• [Assignment]
Copy the entries exactly, through the "W.A.S.P. - CRIMSON IDOL" line.

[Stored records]
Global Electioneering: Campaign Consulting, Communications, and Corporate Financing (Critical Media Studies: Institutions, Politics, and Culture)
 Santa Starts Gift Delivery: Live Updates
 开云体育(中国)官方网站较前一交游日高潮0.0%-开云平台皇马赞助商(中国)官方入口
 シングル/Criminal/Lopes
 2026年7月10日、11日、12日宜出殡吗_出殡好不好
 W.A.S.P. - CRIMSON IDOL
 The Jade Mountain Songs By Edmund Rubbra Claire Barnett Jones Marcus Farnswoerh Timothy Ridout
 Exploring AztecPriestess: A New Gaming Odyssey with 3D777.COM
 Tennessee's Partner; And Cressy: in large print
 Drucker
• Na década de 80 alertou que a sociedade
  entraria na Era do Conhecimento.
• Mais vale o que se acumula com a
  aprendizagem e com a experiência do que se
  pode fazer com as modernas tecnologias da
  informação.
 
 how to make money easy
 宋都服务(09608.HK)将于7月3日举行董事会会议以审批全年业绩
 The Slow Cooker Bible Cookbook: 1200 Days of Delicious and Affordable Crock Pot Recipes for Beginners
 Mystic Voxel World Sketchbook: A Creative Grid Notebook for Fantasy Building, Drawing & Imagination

• [Exercise result]
Global Electioneering: Campaign Consulting, Communications, and Corporate Financing (Critical Media Studies: Institutions, Politics, and Culture)
 Santa Starts Gift Delivery: Live Updates
 开云体育(中国)官方网站较前一交游日高潮0.0%-开云平台皇马赞助商(中国)官方入口
 シングル/Criminal/Lopes
 2026年7月10日、11日、12日宜出殡吗_出殡好不好
 W.A.S.P. - CRIMSON IDOL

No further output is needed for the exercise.